Information supplied:
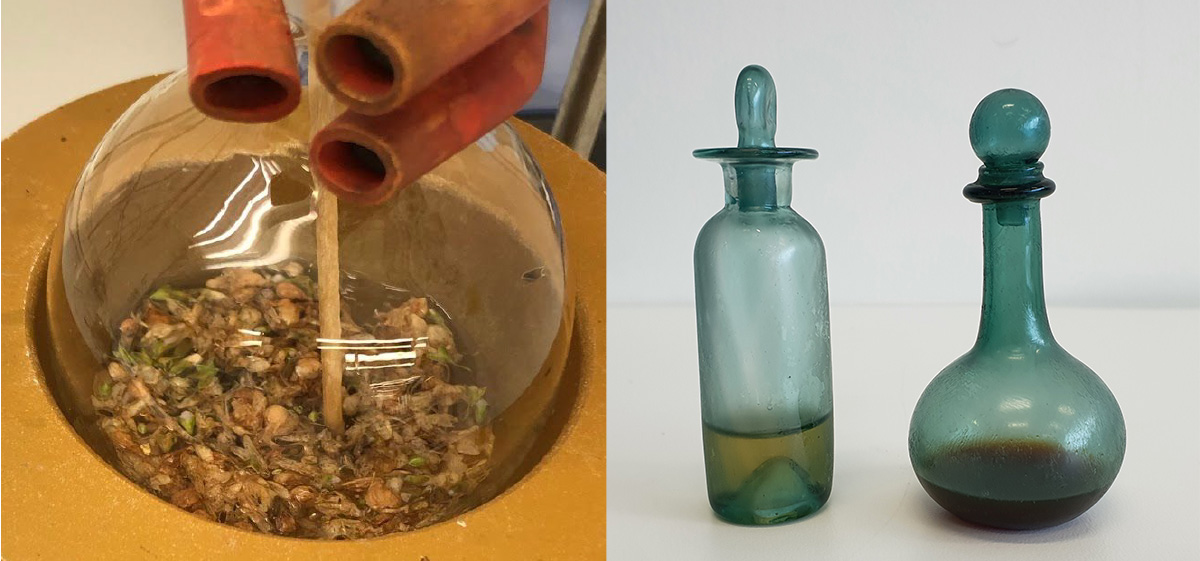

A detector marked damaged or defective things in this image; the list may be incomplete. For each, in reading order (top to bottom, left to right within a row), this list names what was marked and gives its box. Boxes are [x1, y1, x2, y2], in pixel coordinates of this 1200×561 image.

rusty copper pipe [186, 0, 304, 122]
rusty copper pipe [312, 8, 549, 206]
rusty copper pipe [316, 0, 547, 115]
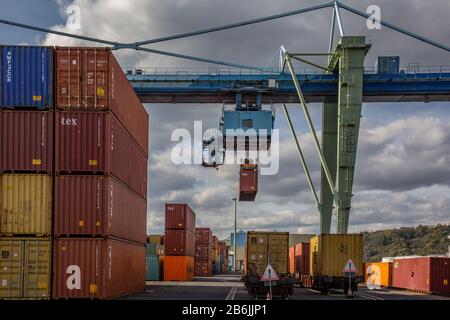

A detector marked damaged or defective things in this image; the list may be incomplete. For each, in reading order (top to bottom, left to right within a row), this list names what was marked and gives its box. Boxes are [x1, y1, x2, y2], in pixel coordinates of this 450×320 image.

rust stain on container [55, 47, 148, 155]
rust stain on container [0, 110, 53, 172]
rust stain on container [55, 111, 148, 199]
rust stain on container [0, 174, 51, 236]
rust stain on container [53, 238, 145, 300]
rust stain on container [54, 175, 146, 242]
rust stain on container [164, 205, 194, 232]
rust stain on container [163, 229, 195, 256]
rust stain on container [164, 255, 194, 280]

Task instructions: Please return, exactly as written, the line containing "this 450×320 image." and every line after it through the end of the records above, and nothing else.

Exercise output:
A detector marked damaged or defective things in this image; the list may be incomplete. For each, in reading order (top to bottom, left to right within a row), this list names what was marked and gives its box. Boxes are [x1, y1, x2, y2], in pixel coordinates of this 450×320 image.

rust stain on container [55, 47, 148, 155]
rust stain on container [0, 110, 53, 172]
rust stain on container [55, 111, 148, 199]
rust stain on container [0, 174, 51, 236]
rust stain on container [53, 238, 145, 300]
rust stain on container [54, 175, 146, 242]
rust stain on container [164, 205, 194, 232]
rust stain on container [163, 229, 195, 256]
rust stain on container [164, 255, 194, 280]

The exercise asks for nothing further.